Saturday, February 26, 2011


I bought a bike today.

In case there's any question, I bought a bicycle, not a motorcycle.

I've been trying to decide whether to join a gym or get a bike, but the bare truth is that if I have to drive myself to it, I won't go.

"Walking" is recommending, but it takes forever and I hate walking around things for the hell of it, and there's really nothing to walk to in my neighborhood. I don't mind running, particularly, but I do mind getting up early enough to do it before it's too hot here to do it without passing out.

Biking is just more efficient.

And besides, I like riding bikes.

I went last year and looked at bikes, but the selection was just daunting, so I left.

This time I researched ahead of time. I spent a lot of time reading reviews and specs and figuring out what I need and want my bike to do.

I didn't want the bike itself to be too heavy, and I'd rather be somewhat upright than hunched forward on it. I want to wear sneakers, not cycling shoes. I'm not going to be going off-road with it (on purpose, anyway). I have no special need for speed. More than 10 speeds will be too many. It should not be pink.

After all that looking on the internet, I was still confused, so I looked on the website of my favorite bike shop (where I used to get my old bike tuned up, before an old roommate hocked it), and it said RIGHT THERE that if I had questions, I should ask Mike, so I called him up and asked him.

And now I'm the proud owner of an Electra Townie Original 7D. They're building it for me and I'm picking it up tomorrow. I'm also the somewhat reluctant owner of a shiny black helmet, which I won't enjoy wearing, but I will if I'm riding with the children or there's traffic.

So whee!

Thursday, February 24, 2011

Once upon a long, long time ago...

...a gentleman I was having relations with sent me an email one morning that read, "I saw you at Kroger last night."

I responded, "You did? Why didn't you say something?"

He said, "I nodded."

He was confused when I responded, among other things, "Don't you ever nod at me again like I'm some common stranger."

"Gentleman" is what we say when it's not quite what we mean.

Wednesday, February 23, 2011


I knit. A lot.

I  used to pull out about as much as I had knitted, because I cannot stand a mistake.

I don't do that as much as I used to, because with much practice has come some small degree of expertise.

Last night I was knitting along and I came to a place where something was obviously wrong.

You wouldn't be able to tell when I'm finished with the piece that something is wrong, because it's as easy as knitting two together (K2tog) twice to fix it, which I did, and I went on for two more long rows before going to bed.

It has been sitting in my giant pocketbook all day, taunting me.

And now, just like that, I am pulling it back out.

Some things never change.

Things I have already thought today, in no particular order

That's a lot of tan for one person. I wonder if she gets her skin checked. Probably not.

Dark hose, light shoes: wrong.

I did not know that Liz and Evan were related.

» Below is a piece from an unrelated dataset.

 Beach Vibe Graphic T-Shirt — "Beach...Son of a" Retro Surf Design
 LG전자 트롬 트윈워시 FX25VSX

I would like some quiche. Why is there no quiche?

Jimmy Baron must be high.

This is a really long red light.

I wonder where this street goes. Oops.

Viva la RevoluciĆ³n!

I wonder if Natalie Munroe has had that baby yet?

How do you pronounce Antener?

Why do I not have any saline solution?

Execute the turn, please.

Will there be swimming in Minnesota this summer?

Ooh! A Smart Car!

I need to go to bed earlier.


Should I get a bike?

Hmm. Orzo.

That tea really was very good.

Tuesday, February 22, 2011

I can't see.

I've worn glasses or contacts since third grade, so it's not like it's a surprise I can't see, but it's a surprise that I'm also far-sighted now.

Presbyopia, they call it. They tell me it's because of my age.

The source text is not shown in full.